┌────────
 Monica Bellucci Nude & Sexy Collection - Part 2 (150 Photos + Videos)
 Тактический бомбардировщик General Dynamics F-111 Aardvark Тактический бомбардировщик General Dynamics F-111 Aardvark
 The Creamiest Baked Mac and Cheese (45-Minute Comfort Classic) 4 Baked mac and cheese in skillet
└────────
REQUIRED WORK
Each line of the material above must be retyped exactly as written.

OUTPUT OF THE TASK
 Monica Bellucci Nude & Sexy Collection - Part 2 (150 Photos + Videos)
 Тактический бомбардировщик General Dynamics F-111 Aardvark Тактический бомбардировщик General Dynamics F-111 Aardvark
 The Creamiest Baked Mac and Cheese (45-Minute Comfort Classic) 4 Baked mac and cheese in skillet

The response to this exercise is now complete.